In Depth

How to get a job at Facebook

The social media giant is looking to hire 1,000 additional staff in London

Facebook has announced plans to create 1,000 new jobs in London over the course of 2020, expanding the tech company’s UK workforce to more than 4,000.

The majority of the new jobs will be technology focused, with roles in software engineering, product design and data science. But new positions will also be created in the company’s team dedicated to tackling harmful online content.

Facebook has been under growing pressure to remove posts that promote self-harm and political extremism.

“Many of these high-skilled jobs will help us address the challenges of an open internet and develop artificial intelligence to find and remove harmful content more quickly,” Facebook’s chief operating officer Sheryl Sandberg said yesterday during a visit to the English capital.

What is it like to work at Facebook?

According to Facebook’s careers site, the social media giant strives to enable its employees to “live life to the fullest and bring their best selves to work, each and every day”.

But life in the team tackling harmful content is hard, often traumatic work. Employees hired to moderate reported content on the website are often faced with gruesome videos of murder, rape, suicide and the abuse of children and animals.

In December, former Facebook moderator Chris Gray filed a lawsuit against the company at the Irish High Court in Dublin. Gray  alleged “that his work scouring the site of violent and obscene content caused his post-traumatic stress disorder”, as The Guardian reported at the time.

As a moderator, Gray had to review “approximately a thousand tickets per night”, looking at everything from pornography, to “content that had been reported as being threatening, hateful, bullying, or otherwise dangerous”, say court documents.

Gray is seeking damages from Facebook for work that saw him look at content that, according to his legal writ, included “a video in which a woman wearing an abaya is seen being stoned to death”, “a video in which persons, who appear to be migrants in Libya, are tortured with molten metal”, and “video footage of dogs being cooked alive”.

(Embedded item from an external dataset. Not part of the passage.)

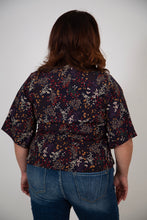 Load image into Gallery viewer, Curvy Floral Print Peplum Top | Navy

Speaking to The Guardian before the case was filed, Gray said: “You would wake up and you’re remembering the video of someone machine-gunning people in the Middle East somewhere, trying to think whether there was an Isis flag, and so whether it should be marked as terrorism-related or not.”

Leaked audio from a Facebook staff meeting in October featured Mark Zuckerberg describing reports about poor working conditions in the company’s moderation centres as “a little overdramatic”.

The firm decided to invest more in policing online content following the suicide of 14-year-old Molly Russell in 2017. 

“The tragic death of Molly Russell made us really stop in our tracks as a company and acknowledge that there was an issue that we need to do more on,” Steve Hatch, the firm’s vice-president for northern Europe, told BBC Radio 4’s Today programme.

Of course, not all the new roles will involve moderating harmful content, and the company offers a host of enviable benefits for permanent employees.

Perks include free bike repair, gym membership, “baby cash” for new parents, free meals and snacks, on-site health and dental in the US, dry cleaning and even a valet car-parking service.

Any tips on landing one of the new jobs?

“The type of people we attract are really focused on solving big problems,” Janelle Gale, Facebook’s vice president of human resources, told US business news site CNBC.

Gale says the company is looking for skills over experience, and that candidates whose CVs aren’t a perfect fit for the job descriptions may still be in with a shot.

She advises potential employees to identify and be clear about their strengths and weaknesses.

“The most important thing is getting really clear on who you are and what you bring to the table, because we’re going to ask a lot about you as a person,” she says. “We want to place you in a job where you are really enjoying the work, versus just getting you into a job here that you may be good at but don’t enjoy.”

Facebook applicants are always asked to tell their interviewers what they were doing on their very best day at work, in order to get a sense of what they like doing most.

They should also be ready to demonstrate their ability to solve problems - or as Facebook puts it, to show they are a “builder”.

Most importantly, says Gale, be yourself. “I showed up exactly who I am. I was myself and that actually really matters here,” she told CNBC.